White Cliffs Countryside Partnership (Formerly) White Cliffs Countryside Project
- Abbreviation: WCCP
- Formation: 1989
- Legal status: Non-profit company
- Purpose: Help landowners care for the special coast and countryside of Dover and Folkestone and Hythe districts in Kent
- Location: White Cliffs Business Park, Dover, Kent CT16 3PJ;
- Region served: Kent
- Members: Optional
- Chairman of the Partnership Board: Nick Johannsen
- Parent organization: Dover District Council
- Website: White Cliffs Countryside Partnership

= White Cliffs Countryside Partnership =

The White Cliffs Countryside Partnership was established in 1989, to help landowners care for the special coast and countryside of Dover and Folkestone and Hythe districts. This includes the only two stretches of Heritage Coast in Kent; the Dover-Folkestone Heritage Coast and the South Foreland Heritage Coast between Dover and Kingsdown near Deal.

==History==
The WCCP was launched with 3 staff funded by seven organisations for a limited three-year period. The WCCP has since grown into a much larger organisation with thirteen staff (although many work part-time including footpath leaders). The WCCP celebrated its 20th anniversary in 2009.

In 1992/93, it was estimated that the project (and community groups) contributed to 3450 days of conservation and footpath management work. This was worked out to have cost around £170,000 or 14 local authority staff wages.

In October 2010, volunteers from WCCP, and the Kentish Stour Countryside Partnership went across the Channel to work with counterpart volunteers in France.
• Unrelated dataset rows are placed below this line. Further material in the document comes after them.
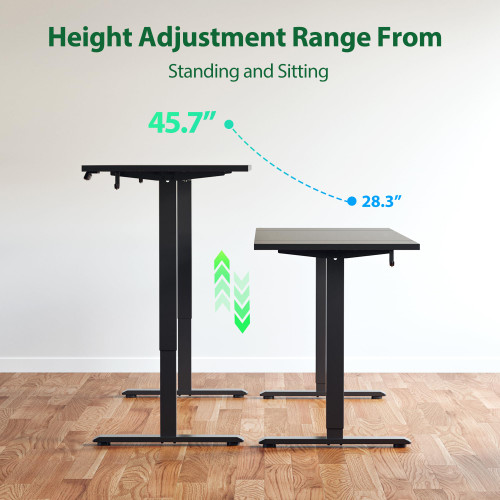 63 * 24 Inch Height Adjustable Electric Standing Desk, Black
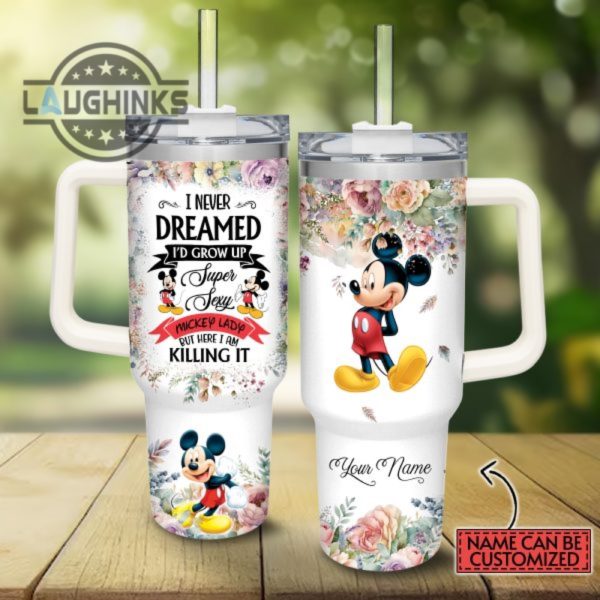 custom name super sexy mickey mouse lady vintage flower pattern 40oz stainless steel tumbler with handle and straw lid personalized stanley tumbler dupe 40 oz stainless steel travel cups laughinks 1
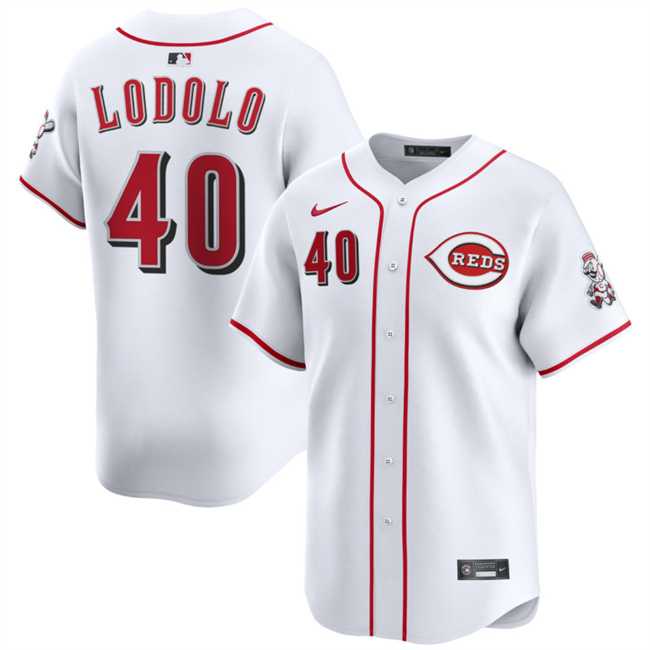 Men%27s Cincinnati Reds #40 Nick Lodolo White Home Limited Stitched Jersey Dzhi->cincinnati reds->MLB Jersey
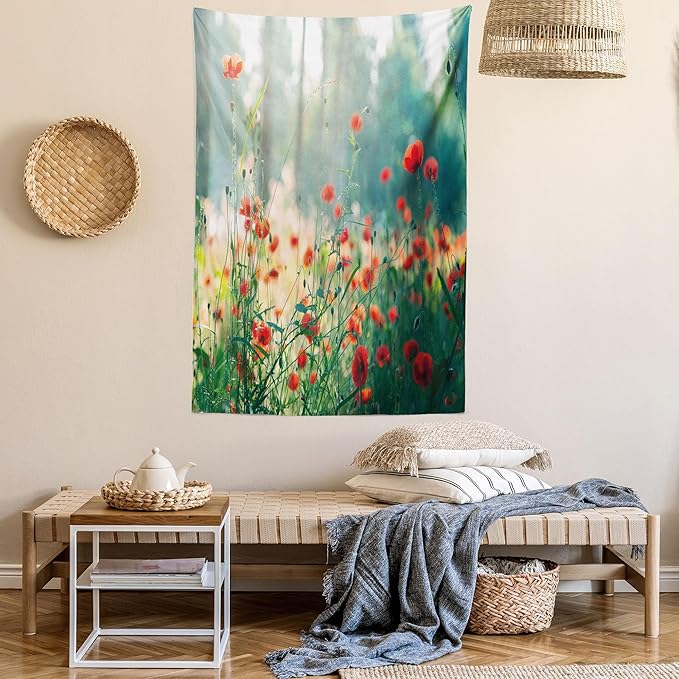 Ambesonne Nature Tapestry, Wild Red Poppy Flowers Field Summertime Sunbeams Gardening Bedding Plants, Fabric Wall Hanging Decor for Bedroom Living Room Dorm, 23" X 28", Red Green Yellow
As part of the 'Landscape and Nature for All' project, funded by the European Regional Development Fund. Then in November, the French volunteers came to the UK to help.

In 2012, Heritage Lottery Fund (HLF) awarded the project with £1.64m, which they added to with funding of £800,000 from local partners.

In 2013, the WCCP was being funded by more than 23 organisations. We carry out long term management of land that has a high value for wildlife and landscape, making it accessible to everyone. Indeed, many of the sites managed by WCCP are on a national or even international level of importance for wildlife.
It was decided to change the name to "partnership" to reflect the fact that a large number of organisations are working together to improve the local environment.

The White Cliffs Countryside Partnership is a partnership between Dover District Council, Folkestone & Hythe District Council, Kent County Council, Eurotunnel, Natural England and many other local organisations with financial contributions from the Heritage Lottery Fund.

Also involved in the partnership are
Environment Agency, British Energy, Magnox Ltd(formerly Magnox South), Affinity Water, Network Rail, Cemex, Dover Harbour Board, Dover Society (Dover Historic Society), Dungeness Estate, Kent Downs AONB, Kent Wildlife Trust, National Trust, Up on the Downs Landscape Partnership (Landscape Conservation of Dover), Pent Valley Technology College, National Farmers' Union, Canterbury Archaeological Trust, Kent Police, Aylesham Parish Council, Hawkinge Town Council, St Margaret's at Cliffe Parish Council, Walmer Parish Council and Whitfield Parish Council.

==Major projects involved==
Samphire Hoe Country Park, River Dour, Kent, East Cliff and Warren Country Park, The Undercliff, Cheriton Hill, Folkestone Downs and Miner's Way Trail

They also produce many leaflets and guides for various local walks about the area. Also they arrange volunteers to lead many guided walks throughout the year.